After the leak of the Facebook papers in 2021 and Frances Haugen’s testimony to Congress, Donovan set out to make the documents publicly available in a database. As the project launched, she alleges that she began to lose academic freedom as restrictions on her research increased.
On January 15, Donovan submitted a whistleblower complaint to Harvard, the US Secretary of Education Miguel Cardona, and the Massachusetts attorney general alleging improper donor influence at the Kennedy School. She claims Harvard officials took cues and acted on behalf of Meta’s interest while questioning her research methodologies, specifically regarding Facebook.
In this week’s podcast Donovan tells Turner, “I wasn’t going to just sit there and let this happen around me. I wasn’t going to say, ‘If you don’t want me to research Facebook, I’ll just turn my eye onto something else,’ and I probably could have, and the heat probably would have died down. But, because I kept the pan hot, I got thrown into it.”
She says the University began restricting her research after the Chan Zuckerberg Initiative donated $500 million to fund a new university-wide center on artificial intelligence. Harvard and the Chan Zuckerberg Foundation strongly dispute Donovan’s claims.
Turner and Dr.
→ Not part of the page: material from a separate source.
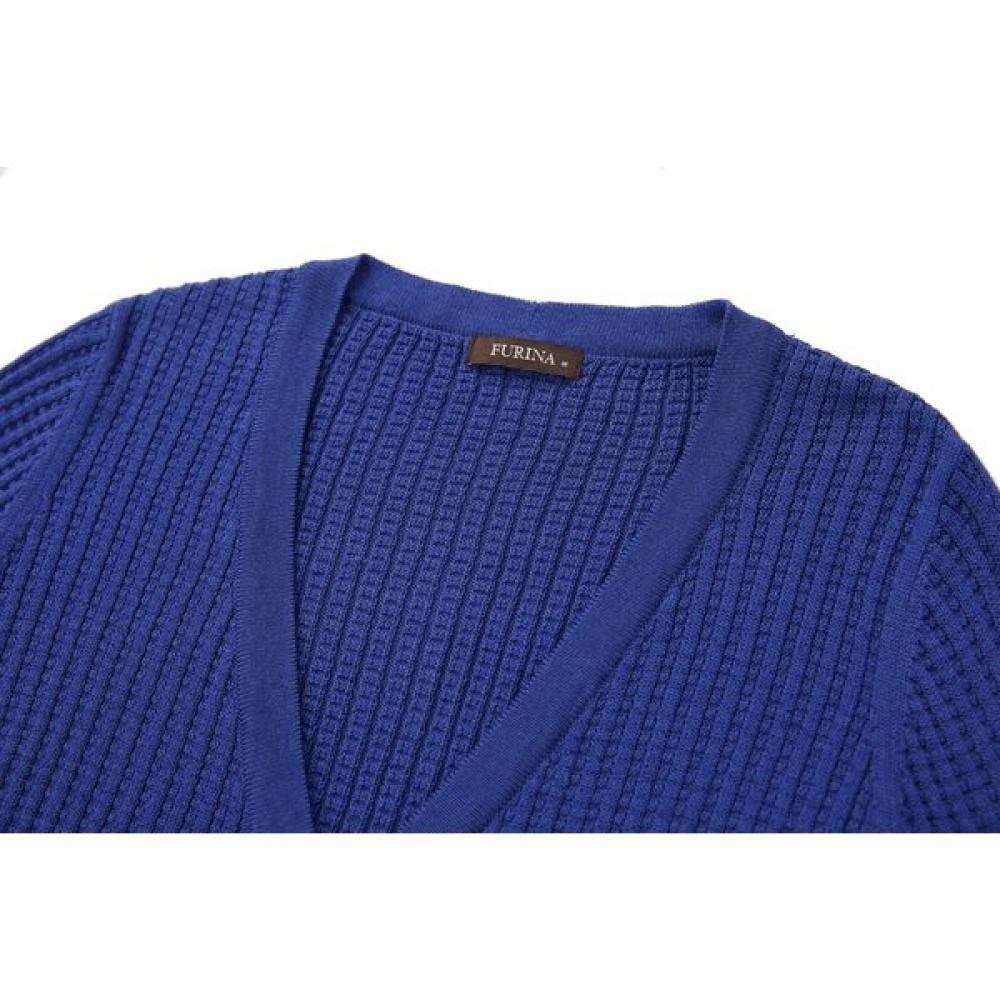 Furina Royal Cotton V Neck Rib Cardigan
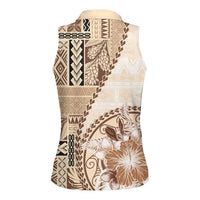 Samoa Siapo Elegant Women Sleeveless Polo Shirt Hibiscus Beige Motifs - Polynesian Pride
Donovan discuss the timeline of her dismissal and restrictions, the connections between Meta and Harvard, and what her case indicates about academic freedom in higher education and elite institutions. “It’s well past time for universities to have gift givers sign a no-influence clause, which is to say, if they are giving a large donation to a university, they should not be allowed to influence decisions at that university, especially when it comes to hiring,” says Donovan. She warns, “The consequences are dire if we turn our universities into PR wings of corporations.”